This phenomenon has condensed software development cycles and burdened data pipelines, making both increasingly complex for engineers and developers with multiple stages of telemetry ingest, processing and compounded interdependencies between various systems of record, applications, infrastructure and networks.
“Today’s monitoring tools often require engineers to spend an unreasonable amount of time stitching together siloed data and switching context between a patchwork of insufficient analysis tools for different parts of the tech stack—only to discover blindspots because it’s too cumbersome and too expensive to instrument the full estate,” said Ben Goodman, SVP of New Relic Asia Pacific and Japan.
“And even then, engineers get stuck at what is happening, instead of being able to focus on why it’s happening.”
We are now using up to 10 different tools to monitor a system’s health
The report found that 89% of ASEAN survey respondents had to toggle between two to 10 different tools to monitor the health of their systems.
Goodman said this comes at significant cost to businesses—in shipping delays, slow responses to outages, poor customer experiences and time wasted that engineers could have spent on the higher priority, business-impacting and creative coding they love.
Consolidating tools into a single, unified observability platform is among the research report’s five key insights for charting an organisation’s path to achieving modern observability.
Goodman recommends that companies adopt a data-driven approach for end-to-end observability, expand observability across the entire software ecosystem, modernise the IT budget for full-stack observability and bring up the value of observability to further engage the C-Suite.
“Modern observability is the domain of engineers and business leaders alike, because of its ability to make crucial data easily accessible, understandable and actionable.
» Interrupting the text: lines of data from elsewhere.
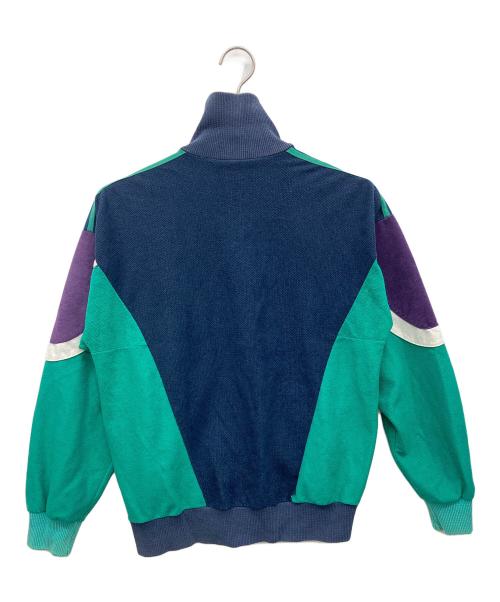 adidas（アディダス）adidas (アディダス) トラックジャケット ネイビー サイズ:フランス 162の古着・服飾アイテム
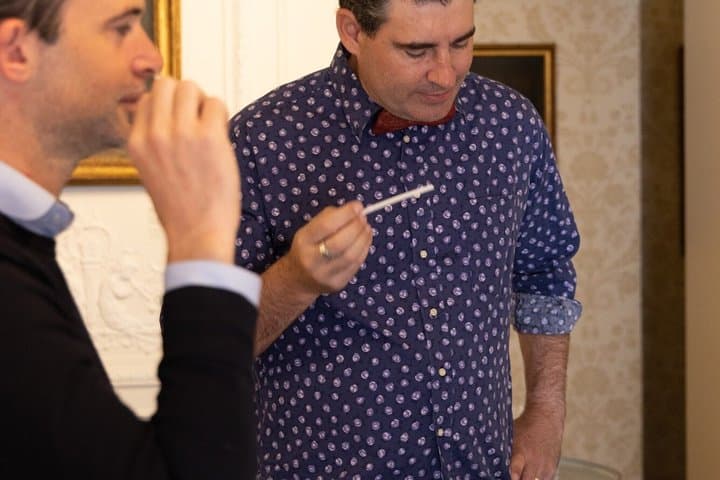 The Secret Senses of Paris: Perfume Creation & Chocolate Tasting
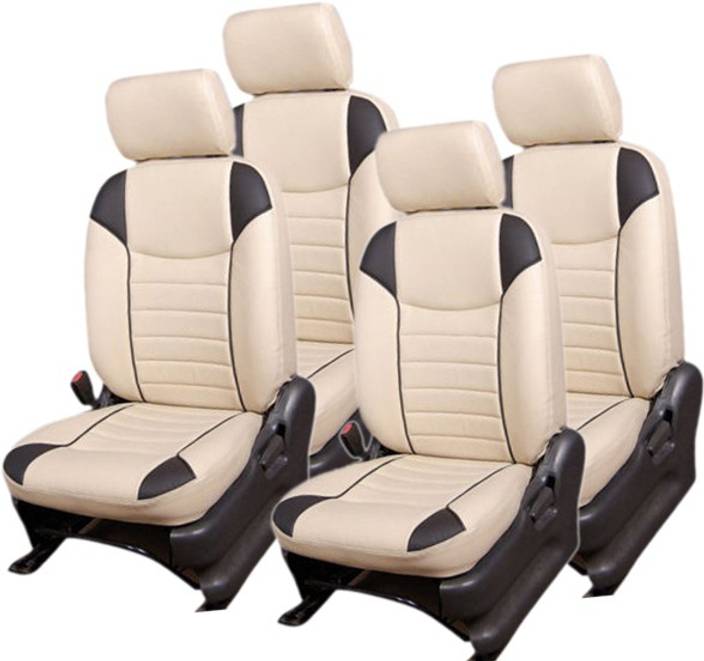 Dgc Leatherette Car Seat Cover For Nissan Micra In India Dgc Leatherette Car Seat Cover For Nissan Micra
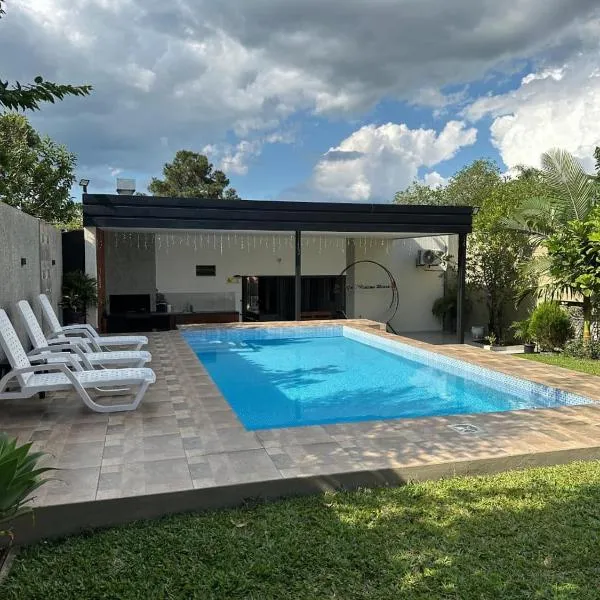 Vivíana Hause Hospedaje, hotel en Cambyretá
By taking a data-driven approach and creating a clear line of sight across the tech stack, modern observability is able to improve uptime and reliability while creating best of breed customer experiences," he said.
Other significant findings include 91% of IT decision makers (ITDMs) see observability as critical at every stage of the software lifecycle; 76% of respondents still monitor telemetry data at the application level, leaving massive data unmonitored in their software stack; and only 58% of respondents note their organisations are in the process of implementing observability with the lack of resources (50%), skills (40%), and systems that are instrumented (40%) as barriers to success.